Newly settled in Albany, Oregon, in the Willamette Valley with her five favorite people (her husband, 2 cats, and 2 English Mastifs) and a huge garden, Jill is a a retired RN but still travels the borderlands by night. An award winner for The Alzheimer’s Book Club in 2009, Jill has lived a lot of places and done a lot of things (and even been a lot of people–pseudonyms!) If you stick around, all of it will eventually show up in a story.
1) Have you decided yet what writing means to you?
A.) Let’s just say that when I ask myself whether I should just give up writing and plant more tomatoes, I can’t.
2) Bijou may be one of the creepiest zombie ideas I have seen turn up in a long time. When did you realize that zombies clearly are an ongoing phenomenon triggered by someone’s greed—plus the lure of immortality? Where did this book start for you?

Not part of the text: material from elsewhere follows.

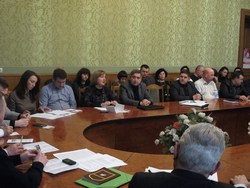 Участь в роботі круглого столу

A.) Oh, that’s a loaded question. As a nurse I’ve been around a lot of death, to put it bluntly. And there always seems to be some triggering event—whether a family member the dying has been waiting for finally arrives—or when the family all leaves the room, for example –when the dying appear to be ready to complete their dying. I’ve thought about that a lot, wondering about the value of love and family to each of us, so it crept into this tale of Annie and her unique ability. And I wanted to use my home town (Livermore, California, to be exact) as a setting for this tale (names have been changed to protect the guilty). Death is a mystery I’ve spent my life trying to solve. This story I suppose is my effort to make it easier to think about something that is never easy to think about.
3) Have you explored all of this world yet? Could there be more stories in it?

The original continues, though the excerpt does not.